Posthemorrhagic shock mesenteric lymph (PHSML) is a key factor in multiple organ injury following hemorrhagic shock. We investigated the role of hydrogen sulfide (H2S) in PHSML drainage in alleviating acute kidney injury (AKI) by administering D,L-propargylglycine (PPG) and sodium hydrosulfide hydrate (NaHS) to 12 specific pathogen-free male Wistar rats with PHSML drainage. A hemorrhagic shock model was established in 4 experimental groups: shock, shock+drainage, shock+drainage+PPG (45 mg/kg, 0.5 h prehemorrhage), and shock+drainage+NaHS (28 µmol/kg, 0.5 h prehemorrhage). Fluid resuscitation was performed after 1 h of hypotension, and PHMSL was drained in the last three groups for 3 h after resuscitation. Renal function and histomorphology were assessed along with levels of H2S, cystathionine-γ-lyase (CSE), Toll-like receptor 4 (TLR4), interleukin (IL)-10, IL-12, and tumor necrosis factor (TNF)-α in renal tissue. Hemorrhagic shock induced AKI with increased urea and creatinine levels in plasma and higher H2S, CSE, TLR4, IL-10, IL-12, and TNF-α levels in renal tissue. PHSML drainage significantly reduced urea, creatinine, H2S, CSE, and TNF-α but not TLR4, IL-10, or IL-12. PPG decreased creatinine, H2S, IL-10, and TNF-α levels, but this effect was reversed by NaHS administration. In conclusion, PHSML drainage alleviated AKI following hemorrhagic shock by preventing increases in H2S and H2S-mediated inflammation.

Introduction

Acute kidney injury (AKI) is a pathological process that commonly occurs in conditions such as hemorrhage, trauma, infection, or intoxication and contributes to the progression of internal milieu disorders, resulting in multiple organ failure (1-4). Recently, the relationship between lymph circulation and pathogenesis of serious diseases has received increasing attention, with evidence that under critical clinical conditions, the return of mesenteric lymph to the systemic circulation is a key factor in vital organ dysfunction and injury (5-7). The results obtained in our previous studies suggest that blocking the return of mesenteric lymph to the systemic circulation attenuates renal lesions induced by hemorrhage and lipopolysaccharide or severe hemorrhagic shock in a two-hit animal model (8-10). However, the underlying mechanisms remain to be discovered.

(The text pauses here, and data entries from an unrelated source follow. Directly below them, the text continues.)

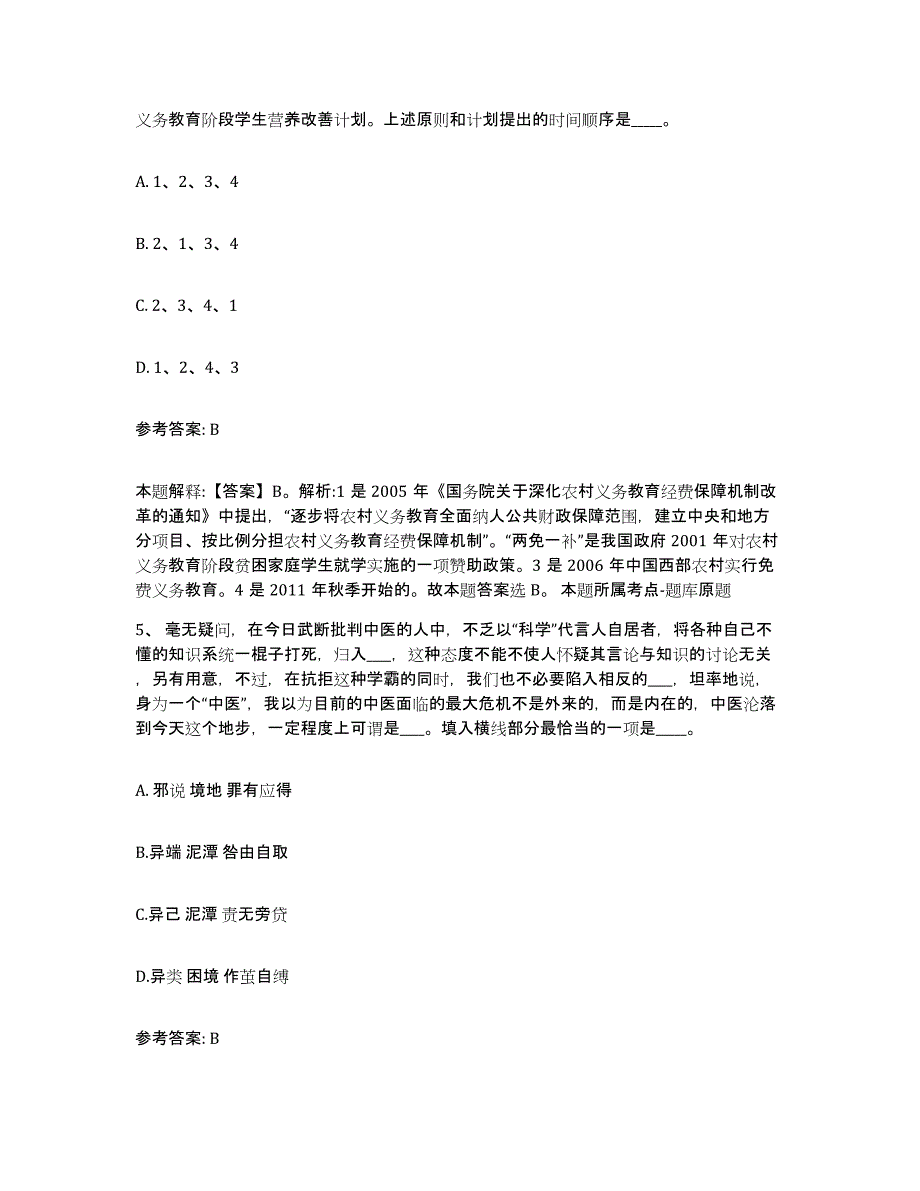 备考2025河南省三门峡市陕县网格员招聘基础试题库和答案要点_第3页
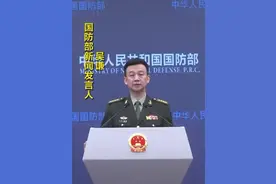 中国国防部：中缅地区安全稳定，中国军队高度戒备，维护边界稳定图片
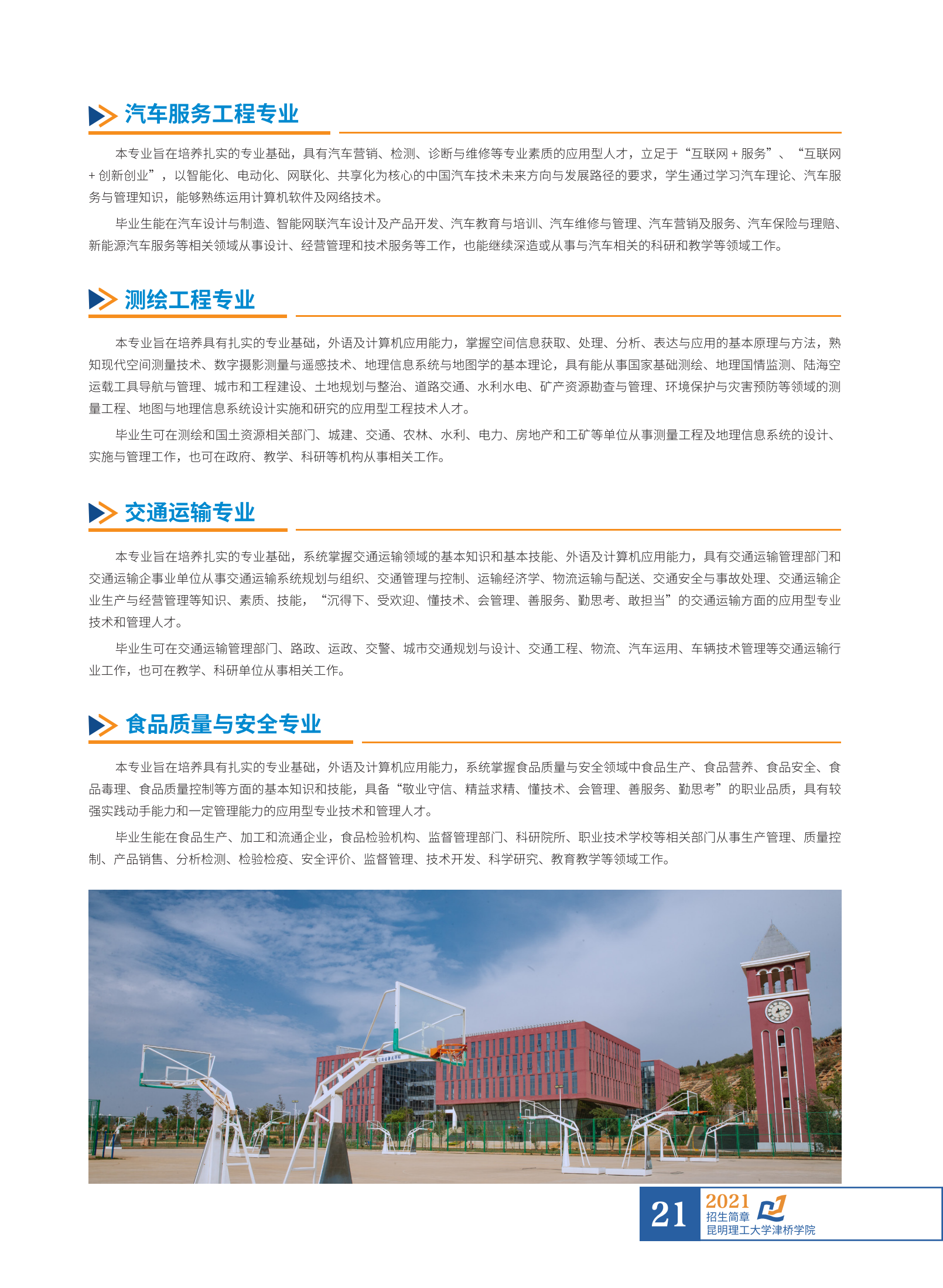 招生簡(jiǎn)章6.23_22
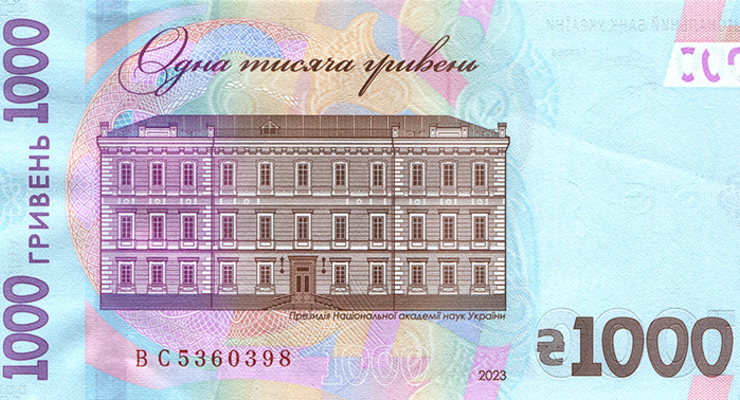 иллюстративное фото / bank.gov.ua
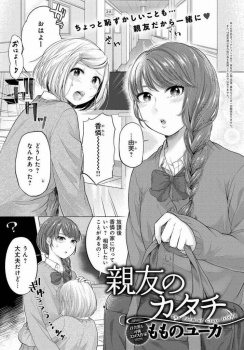 親友にお願いされて彼氏とダブルセックスすることになるｗｗｗ【もものユーカ 同人誌・エロ漫画】の画像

Hydrogen sulfide (H2S) is an endogenous gaseous signaling molecule involved in diverse biological processes such as inflammatory responses, energy metabolism, cell proliferation, apoptosis, and oxidative stress (11,12). Recent studies indicate that H2S is responsible for the inflammatory response and organ dysfunction following hemorrhagic shock (13). Pretreatment with D,L-propargylglycine (PPG), an inhibitor of cystathionine-γ-lyase (CSE), attenuates increases in plasma levels of tumor necrosis factor (TNF)-α, interleukin (IL)-6, and urea and reduces H2S concentration in the kidney following hemorrhagic shock (13). Francescato et al. (14) showed that treatment with PPG attenuates gentamicin-provoked effects such as macrophage infiltration in the renal cortex and interstitial lesions in renal tubules. These reports suggest that increased H2S levels that mediate AKI are induced by renal ischemia or nephrotoxic drugs. However, an H2S-induced inflammatory response related to AKI caused by the return of posthemorrhagic shock mesenteric lymph (PHSML) has not yet been reported.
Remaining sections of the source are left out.